The access to the Audit Logs is done via AWS S3 Access Point.

There are different ways to interact with an access point (see Using access points in AWS).

The initial setup:

  1. Take note of the IAM Role ARN that will be used to access the data. This should be the user or role used by e.g. Athena.
  2. Reach out to customer success and provide this ARN. Once receiving the ARN role, an access point will be created and you should get in response the following details:
    1. S3 Bucket (e.g. arn:aws:s3:::lakefs-audit-logs-us-east-1-production)
    2. S3 URI to an access point (e.g. s3://arn:aws:s3:us-east-1:<treeverse-id>:accesspoint/lakefs-logs-<organization>)
    3. Access Point alias.
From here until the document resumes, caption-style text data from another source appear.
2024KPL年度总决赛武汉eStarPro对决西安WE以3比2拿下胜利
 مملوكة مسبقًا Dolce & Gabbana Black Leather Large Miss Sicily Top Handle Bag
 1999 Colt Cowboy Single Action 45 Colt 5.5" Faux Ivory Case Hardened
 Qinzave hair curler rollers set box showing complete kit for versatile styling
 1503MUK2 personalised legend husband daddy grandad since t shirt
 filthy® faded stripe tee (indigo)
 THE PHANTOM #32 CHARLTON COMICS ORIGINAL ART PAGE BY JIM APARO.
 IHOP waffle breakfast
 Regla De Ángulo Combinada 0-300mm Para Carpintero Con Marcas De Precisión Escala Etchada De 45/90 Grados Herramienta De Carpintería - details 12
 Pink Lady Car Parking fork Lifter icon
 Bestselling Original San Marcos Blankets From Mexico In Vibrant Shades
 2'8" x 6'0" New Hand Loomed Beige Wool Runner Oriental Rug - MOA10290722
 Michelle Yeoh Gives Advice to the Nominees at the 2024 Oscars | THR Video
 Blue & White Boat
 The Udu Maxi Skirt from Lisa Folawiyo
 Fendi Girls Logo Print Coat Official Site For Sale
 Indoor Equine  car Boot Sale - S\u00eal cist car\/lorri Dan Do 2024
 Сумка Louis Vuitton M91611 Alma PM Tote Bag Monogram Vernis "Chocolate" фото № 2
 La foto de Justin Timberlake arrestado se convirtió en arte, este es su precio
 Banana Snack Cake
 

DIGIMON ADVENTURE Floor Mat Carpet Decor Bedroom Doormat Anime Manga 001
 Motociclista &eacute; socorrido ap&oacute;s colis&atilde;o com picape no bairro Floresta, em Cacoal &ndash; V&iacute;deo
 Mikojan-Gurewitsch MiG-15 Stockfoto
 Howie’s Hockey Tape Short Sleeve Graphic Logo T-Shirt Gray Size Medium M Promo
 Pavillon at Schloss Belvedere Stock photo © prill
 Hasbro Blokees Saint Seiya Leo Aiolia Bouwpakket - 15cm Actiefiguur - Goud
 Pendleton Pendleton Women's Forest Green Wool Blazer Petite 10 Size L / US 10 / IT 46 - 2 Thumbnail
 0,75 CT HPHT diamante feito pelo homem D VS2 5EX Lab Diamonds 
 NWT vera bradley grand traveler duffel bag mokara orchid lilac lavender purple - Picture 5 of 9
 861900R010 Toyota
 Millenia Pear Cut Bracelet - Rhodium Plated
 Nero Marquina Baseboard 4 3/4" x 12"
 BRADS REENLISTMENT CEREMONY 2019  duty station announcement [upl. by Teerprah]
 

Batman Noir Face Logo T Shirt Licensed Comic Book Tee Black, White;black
You can use this alias instead of the bucket name or Access Point ARN to access data through the Access Point. (e.g. lakefs-logs-<generated>-s3alias)
    4. Update your IAM Role policy and trust policy if required

A minimal example for IAM policy with 2 lakeFS installations in 2 regions (us-east-1, us-west-2):

{
    "Version": "2012-10-17",
    "Statement": [
        {
            "Effect": "Allow",
            "Action": [
                "s3:ListBucket"
            ],
            "Resource": [
                "arn:aws:s3:::lakefs-audit-logs-us-east-1-production",
                "arn:aws:s3:::lakefs-audit-logs-us-east-1-production/*",
                "arn:aws:s3:::lakefs-logs-<generated>-s3alias/*",
                "arn:aws:s3:us-east-1:<treeverse-id>:accesspoint/lakefs-logs-<organization>",
                "arn:aws:s3:us-east-1:<treeverse-id>:accesspoint/lakefs-logs-<organization>/*"
            ],
            "Condition": {
                "StringLike": {
                    "s3:prefix": [
                        "etl/v1/data/region=<region_a>/organization=org-<organization>/*",
                        "etl/v1/data/region=<region_b>/organization=org-<organization>/*"
                    ]
                }
            }
        },
        {
            "Effect": "Allow",
            "Action": [
                "s3:GetObject",
                "s3:GetObjectVersion"
            ],
            "Resource": [
                "arn:aws:s3:::lakefs-audit-logs-us-east-1-production",
                "arn:aws:s3:::lakefs-audit-logs-us-east-1-production/etl/v1/data/region=<region_a>/organization=org-<organization>/*",
                "arn:aws:s3:::lakefs-audit-logs-us-east-1-production/etl/v1/data/region=<region_b>/organization=org-<organization>/*",
                "arn:aws:s3:::lakefs-logs-<generated>-s3alias/*",
                "arn:aws:s3:us-east-1:<treeverse-id>:accesspoint/lakefs-logs-<organization>/object/etl/v1/data/region=<region_a>/organization=org-<organization>/*",
                "arn:aws:s3:us-east-1:<treeverse-id>:accesspoint/lakefs-logs-<organization>/object/etl/v1/data/region=<region_b>/organization=org-<organization>/*"
            ]
        },
        {
            "Action": [
                "kms:Decrypt"
            ],
            "Resource": [
                "arn:aws:kms:us-east-1:<treeverse-id>:key/<encryption-key-id>"
            ],
            "Effect": "Allow"
        }
    ]
}

Trust Policy example that allows anyone in your account to assume the role above:

{
    "Version": "2012-10-17",
    "Statement": [
        {
            "Effect": "Allow",
            "Principal": {
                "AWS": "arn:aws:iam::<YOUR_ACCOUNT_ID>:root"
            },
            "Action": "sts:AssumeRole",
            "Condition": {}
        }
    ]
}

Authentication is done by assuming an IAM Role:

# Assume role use AWS_ACCESS_KEY_ID, AWS_SECRET_ACCESS_KEY, AWS_SESSION_TOKEN:
aws sts assume-role --role-arn arn:aws:iam::<your-aws-account>:role/<reader-role> --role-session-name <name> 

# verify role assumed
aws sts get-caller-identity 

# list objects (can be used with --recursive) with access point ARN
aws s3 ls arn:aws:s3:us-east-1:<treeverse-id>:accesspoint/lakefs-logs-<organization>/etl/v1/data/region=<region>/organization=org-<organization>/

# get object locally via s3 access point alias 
aws s3api get-object --bucket lakefs-logs-<generated>-s3alias --key etl/v1/data/region=<region>/organization=org-<organization>/year=<YY>/month=<MM>/day=<DD>/hour=<HH>/<file>-snappy.parquet sample.parquet 

Data layout

Tip

The bucket name is important when creating the IAM policy but, the Access Point ARN and Alias will be the ones that are used to access the data (i.e AWS CLI, Spark etc).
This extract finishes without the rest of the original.